DATA RECORDS:
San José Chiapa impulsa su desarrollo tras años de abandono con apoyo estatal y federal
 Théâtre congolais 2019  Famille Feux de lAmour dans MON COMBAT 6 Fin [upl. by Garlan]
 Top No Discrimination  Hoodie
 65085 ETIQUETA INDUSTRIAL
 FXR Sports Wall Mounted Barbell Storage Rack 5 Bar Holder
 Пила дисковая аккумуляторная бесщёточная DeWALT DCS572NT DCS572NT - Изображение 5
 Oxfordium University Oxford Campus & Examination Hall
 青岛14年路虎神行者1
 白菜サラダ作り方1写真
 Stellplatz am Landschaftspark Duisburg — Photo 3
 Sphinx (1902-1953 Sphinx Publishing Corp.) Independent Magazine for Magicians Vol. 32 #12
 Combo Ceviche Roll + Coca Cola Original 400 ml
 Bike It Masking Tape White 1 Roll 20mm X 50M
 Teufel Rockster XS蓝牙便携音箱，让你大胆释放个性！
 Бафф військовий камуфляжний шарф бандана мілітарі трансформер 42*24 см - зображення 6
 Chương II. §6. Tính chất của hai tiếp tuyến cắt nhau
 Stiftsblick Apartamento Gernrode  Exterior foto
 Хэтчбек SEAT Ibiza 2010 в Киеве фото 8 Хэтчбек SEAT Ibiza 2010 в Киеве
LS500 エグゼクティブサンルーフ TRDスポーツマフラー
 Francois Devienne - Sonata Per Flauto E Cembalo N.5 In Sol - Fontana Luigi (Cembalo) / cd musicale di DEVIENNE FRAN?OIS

WHAT TO WORK ON: The expected output is the complete listing, word for word.

RESPONSE FOR THIS EXERCISE:
San José Chiapa impulsa su desarrollo tras años de abandono con apoyo estatal y federal
 Théâtre congolais 2019  Famille Feux de lAmour dans MON COMBAT 6 Fin [upl. by Garlan]
 Top No Discrimination  Hoodie
 65085 ETIQUETA INDUSTRIAL
 FXR Sports Wall Mounted Barbell Storage Rack 5 Bar Holder
 Пила дисковая аккумуляторная бесщёточная DeWALT DCS572NT DCS572NT - Изображение 5
 Oxfordium University Oxford Campus & Examination Hall
 青岛14年路虎神行者1
 白菜サラダ作り方1写真
 Stellplatz am Landschaftspark Duisburg — Photo 3
 Sphinx (1902-1953 Sphinx Publishing Corp.) Independent Magazine for Magicians Vol. 32 #12
 Combo Ceviche Roll + Coca Cola Original 400 ml
 Bike It Masking Tape White 1 Roll 20mm X 50M
 Teufel Rockster XS蓝牙便携音箱，让你大胆释放个性！
 Бафф військовий камуфляжний шарф бандана мілітарі трансформер 42*24 см - зображення 6
 Chương II. §6. Tính chất của hai tiếp tuyến cắt nhau
 Stiftsblick Apartamento Gernrode  Exterior foto
 Хэтчбек SEAT Ibiza 2010 в Киеве фото 8 Хэтчбек SEAT Ibiza 2010 в Киеве
LS500 エグゼクティブサンルーフ TRDスポーツマフラー
 Francois Devienne - Sonata Per Flauto E Cembalo N.5 In Sol - Fontana Luigi (Cembalo) / cd musicale di DEVIENNE FRAN?OIS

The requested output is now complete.